This book is an introduction to a new and rapidly developing topic: the theory of quantum computing. It begins with the basics of classical theory of computation: Turing machines, Boolean circuits, parallel algorithms, probabilistic computation, NP-complete problems, and the idea of complexity of an algorithm. The second part of the book provides an exposition of quantum computation theory. It starts with the introduction of general quantum formalism (pure states, density matrices, and superoperators), universal gate sets and approximation theorems. Then the authors study various quantum computation algorithms: Grover's algorithm, Shor's factoring algorithm, and the Abelian hidden subgroup problem. In concluding sections, several related topics are discussed (parallel quantum computation, a quantum analog of NP-completeness, and quantum error-correcting codes).

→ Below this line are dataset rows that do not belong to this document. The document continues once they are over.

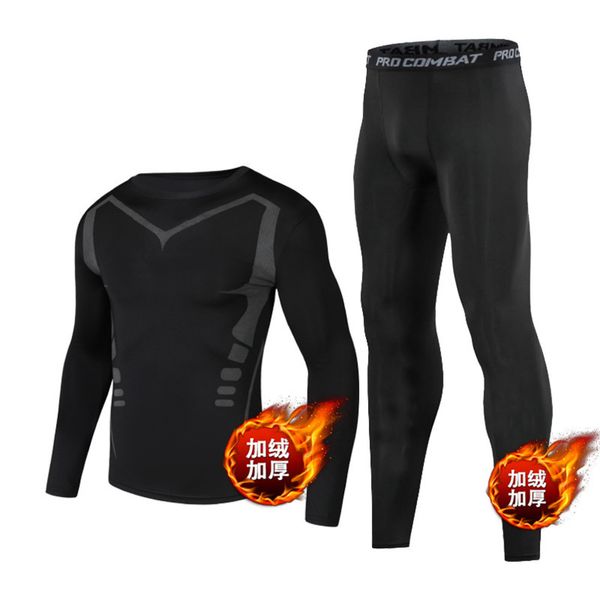 

running sports men's plush tights fitness quick drying and sweat absorbing basketball training suit, Gray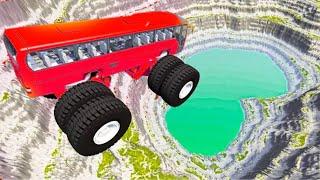 Cars vs Leap Of Death #1 | BeamNG Drive | Realistic Crashes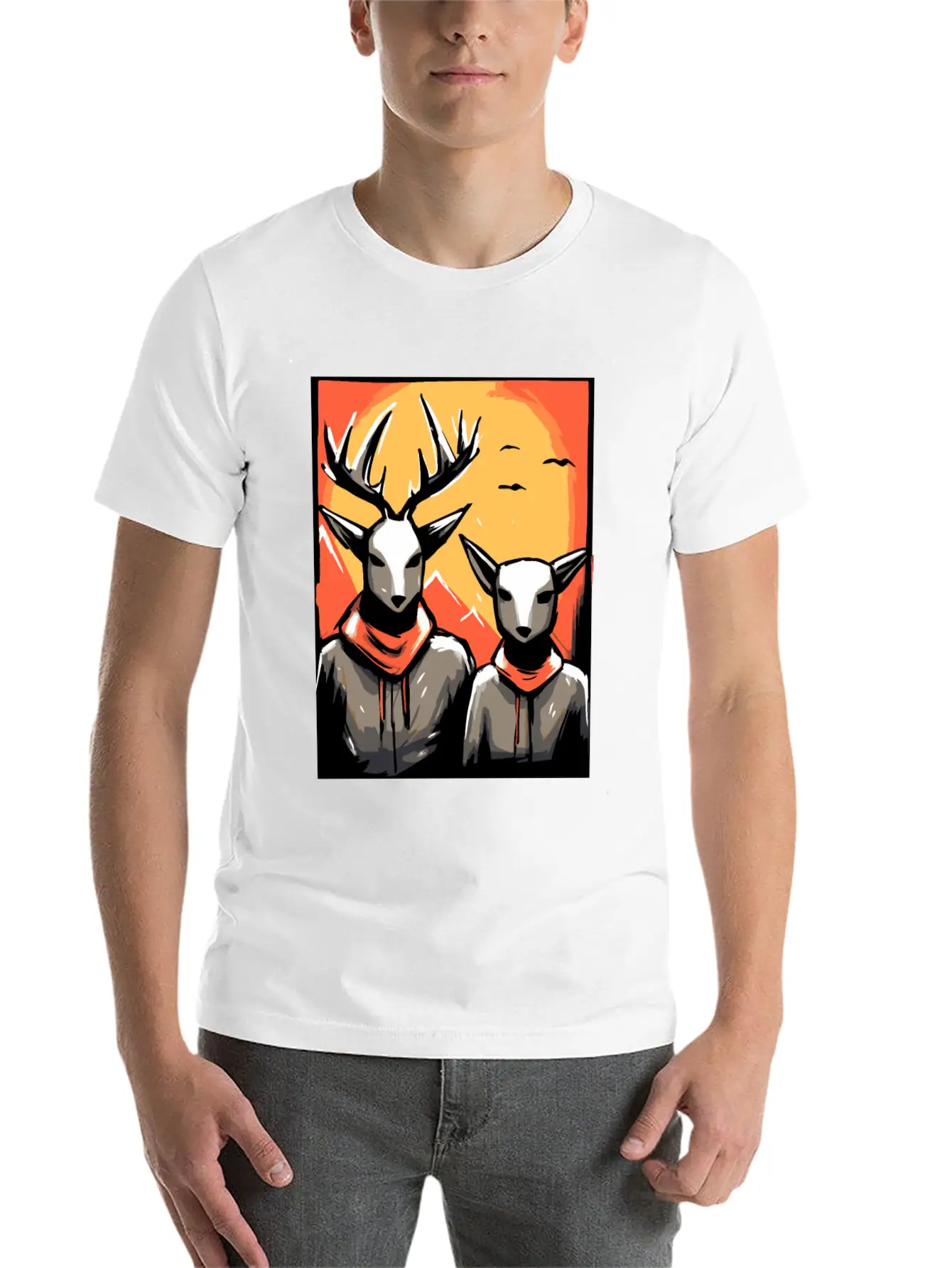 Nature And A Couple Of Deer Unisex Short Sleeve Soft Cotton T-Shirt – Casual Everyday Wear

Rapid development of quantum computing started in 1994 with a stunning suggestion by Peter Shor to use quantum computation for factoring large numbers — an extremely difficult and time-consuming problem when using a conventional computer. Shor's result spawned a burst of activity in designing new algorithms and in attempting to actually build quantum computers. Currently, the progress is much more significant in the former: A sound theoretical basis of quantum computing is under development and many algorithms have been suggested.

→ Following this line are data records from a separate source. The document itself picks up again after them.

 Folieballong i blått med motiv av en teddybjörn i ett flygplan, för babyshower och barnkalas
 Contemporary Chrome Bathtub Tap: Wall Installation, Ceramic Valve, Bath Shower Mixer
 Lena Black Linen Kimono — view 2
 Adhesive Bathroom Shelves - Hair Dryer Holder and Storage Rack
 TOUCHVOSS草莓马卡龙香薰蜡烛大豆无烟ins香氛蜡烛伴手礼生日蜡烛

In this concise text, the authors provide solid foundations to the theory — in particular, a careful analysis of the quantum circuit model — and cover selected topics in depth. Some of the results have not appeared elsewhere while others improve on existing works. Included are a complete proof of the Solovay-Kitaev theorem with accurate algorithm complexity bounds, approximation of unitary operators by circuits of doubly logarithmic depth. Among other interesting topics are toric codes and their relation to quantum computing.
Prerequisites are very modest and include linear algebra, elements of group theory and probability, and the notion of a formal or an intuitive algorithm. This text is suitable for a course in quantum computation for graduate students in mathematics, physics, or computer science. More than 100 problems (most of them with complete solutions) and an appendix summarizing the necessary results are a very useful addition to the book.